- Your objective: In the entries below, find the line with "Chic interior of" and the line with "kitchen with hanging"; reproduce those two lines and all lines between them exactly, without pictures.
━━━ Dataset ━━━
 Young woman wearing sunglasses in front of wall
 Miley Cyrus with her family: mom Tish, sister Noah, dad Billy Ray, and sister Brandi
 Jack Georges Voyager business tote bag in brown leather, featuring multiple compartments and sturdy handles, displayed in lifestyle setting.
━━━
━━━ Dataset ━━━
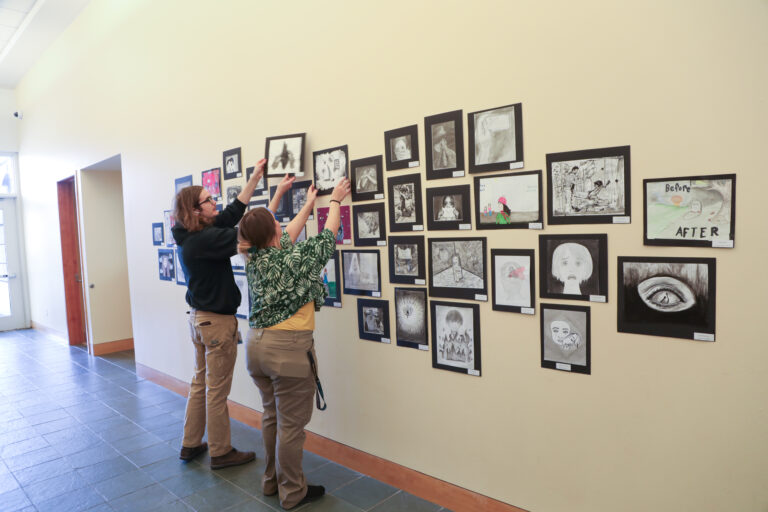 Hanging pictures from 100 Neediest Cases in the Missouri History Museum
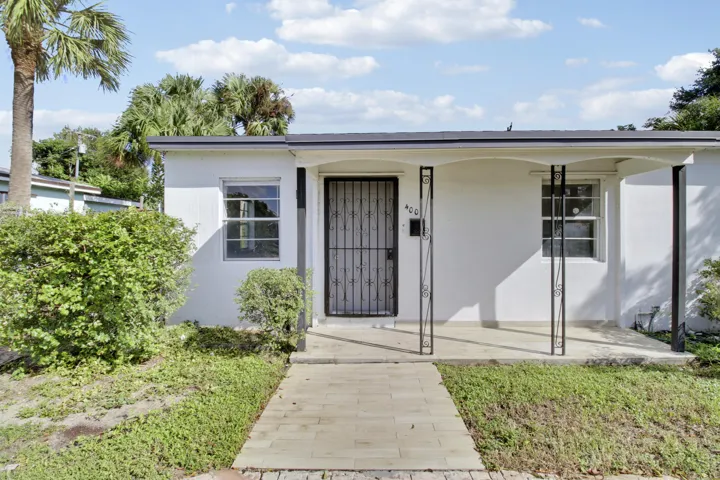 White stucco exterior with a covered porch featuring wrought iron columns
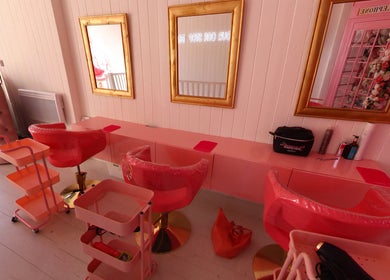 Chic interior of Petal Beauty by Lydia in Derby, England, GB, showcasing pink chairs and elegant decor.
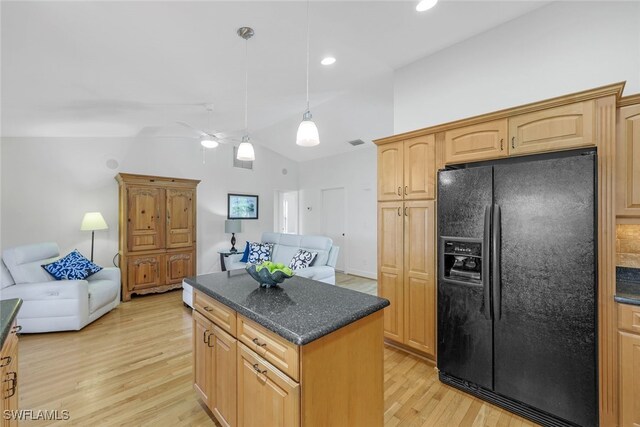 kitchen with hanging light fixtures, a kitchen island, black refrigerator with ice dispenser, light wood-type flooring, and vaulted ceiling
━━━
- Exercise response:
 Chic interior of Petal Beauty by Lydia in Derby, England, GB, showcasing pink chairs and elegant decor.
 kitchen with hanging light fixtures, a kitchen island, black refrigerator with ice dispenser, light wood-type flooring, and vaulted ceiling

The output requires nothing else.